Dengê bêdengiyê şiir kitabının yazarı Asya Xerzan, kültürel soykırımın dilin yasaklanmasıyla başladığını belirterek, “Kadınlar nasıl bugüne kadar Kürt dilini korumuşlarsa, bundan sonrası için de aynı mücadele verilmelidir, dilin öğretenleri ve savunucuları olmalıdır” dedi. Kürt dilinin yasak, inkar ve asimilasyon politikalarına rağmen varlığını sürdürmesine katkı sağlayan en önemli kesim edebiyatçılar. Kadın yazarlar ise, dilin yanı sıra hem anlattıkları hikayeler hem de kadının edebiyattaki yerinin görünür kılınması noktasında ayrı bir öneme sahip. JINNEWS’ten Zeynep Durgut’a konuşan êzidî kadın yazar, şair Asya Xerzan, kültürel kırımın dile yönelik yasaklarla doğrudan bağlantılı olduğunu belirterek, kadınların ise dilin savunucuları ve öğretmenleri olduğunu söyledi.
Sesi susturulanların sesi
“Dengê bêdengiyê” (Sessizliğin sesi) şiir kitabının yazarı Asya, kitabı başta Şengal olmak üzere erkek egemen sistemin katlettiği kadınlara atfen yazdığını ifade etti. Çocuk yaşta ailesiyle Avrupa’ya göç etmek zorunda kalan Asya, şu anda Almanya’da yaşıyor. Kitabı Soranice’ye de çevrilen Asya, “Bêdengiya bi deng” isimli bir şiir kitabının da basılmasını bekliyor. Asya, ayrıca uzun zamandır bir roman üzerine çalışıyor. “Sesi ve duyguları susturanlara ses olmak” amacıyla kitabı hazırladığını aktaran Asya, “Bu ses Şengal’de vahşice katledilen ve köle pazarlarında satılan Êzidî kadınların sesi. Bu ses elleri kınalı çocuklarını toprağa veren annelerin sesi. Bu ses Kürt kadının sesi” dedi.
Dilleri yasaklamak
Dilin “halkların varlığı” olduğunu kaydeden Asya, bu yüzden saldırıların en fazla anadil üzerinde yoğunlaştırıldığını dile getirdi. En büyük saldırının ise yasaklar olduğunu ifade eden Asya, “Bu başlı başına bir soykırım ve katliamdır.

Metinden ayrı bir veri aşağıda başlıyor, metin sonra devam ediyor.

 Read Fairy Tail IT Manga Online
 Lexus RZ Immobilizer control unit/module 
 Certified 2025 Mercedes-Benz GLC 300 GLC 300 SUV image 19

Kültürel soykırım, dilleri yasaklamakla başlar. Evde çocuklarımızla yabancı bir dil konuşarak, bu kırıma destek oluyoruz. Bu saldırı geleceğimize yöneliktir. Halklar dilleri ile vardır. Eğer dilimiz yok olursa o zaman varlığımızın hiçbir anlamı ve önemi olmayacaktır. Kimse Araplara, Farslara verilen ayrıcalığın tersini Kürtlere dayatamaz. Herkes aynıdır. Ama bize yapılan saldırılar kimliğimizi hiçleştirmek adına yapılıyor” diye konuştu.
‘Türkçe yaklaşılmamalı’
Kürt dil biliminin gelişmesi için ciddi bir mücadelenin verilmesi gerektiğini söyleyen Asya, dilin popülizme kurban edilmemesi gerektiğini vurguladı. Özellikle Kürt dil enstitülerine büyük görev düştüğünü ifade eden Asya, Türkçe mantığıyla Kürtçeye kelimeler eklenmemesi gerektiğini belirtti. Asya, bunun Kürt edebiyatı üzerinde olumsuz etkiler bırakacağını vurguladı. Modern edebiyatın gelişmesi için de çalışmalar yapılması gerektiğini ifade eden Asya, “Bizler var olan imkanları iyi kullanarak asimilasyon politikalarına karşı örgütlenebiliriz. Asimilasyon politikalarına karşı dilimizi örgütleyelim. Kürt klasiklerini okuyarak, okutarak ve sahip çıkarak başlayabiliriz. Kürt dil kurumları özel bir grup kurarak farklı dillerden kitapları Kürtçeye çevirebilir’ dedi.